A study has poured cold water on the idea that humans are selfish and survival is dependant on whoever is the nastiest.
Scientists at the University of California, Berkeley, say that they have a growing body of evidence to show we are evolving to become more compassionate and collaborative.
While Charles Darwin's theory of evolution by natural selection has been interpreted to mean “every human for themselves”, Dacher Keltner, a UC Berkeley psychologist and author of "Born to be Good: The Science of a Meaningful Life," is starting to think that humans are successful as a species precisely because of our nurturing, altruistic and compassionate traits.
He has dubbed it “survival of the kindest" and claims it is because we have vulnerable offspring.
Keltner said that the fundamental task for human survival and gene replication is to take care of others.
Human beings have survived as a species because we have evolved the capacities to care for those in need and to cooperate, he said.

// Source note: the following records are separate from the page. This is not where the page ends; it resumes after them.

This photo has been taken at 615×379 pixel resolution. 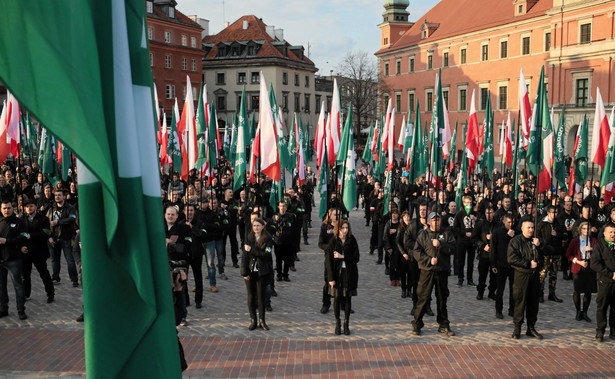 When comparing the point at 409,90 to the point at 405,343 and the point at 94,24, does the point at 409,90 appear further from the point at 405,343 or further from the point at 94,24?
the point at 94,24

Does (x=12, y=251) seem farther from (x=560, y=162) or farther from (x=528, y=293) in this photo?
(x=560, y=162)

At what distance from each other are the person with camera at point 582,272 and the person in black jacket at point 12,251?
9777 mm

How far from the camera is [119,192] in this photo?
2186mm

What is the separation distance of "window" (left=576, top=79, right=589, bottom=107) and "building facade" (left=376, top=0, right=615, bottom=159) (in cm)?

Currently Keltner's team is looking under the cranium to see how the capacity to care and cooperate is wired into particular regions of the brain and nervous system.
Apparently one study claims that many are genetically predisposed to be empathetic.
Being nice apparently does not mean that you are a door mat. UC Berkeley social psychologist and sociologist Robb Willer is that the more generous we are, the more respect and influence in society we wield.
Willer said that given that there is much is to be gained through generosity, social scientists increasingly wonder less why people are ever generous and more why they are ever selfish.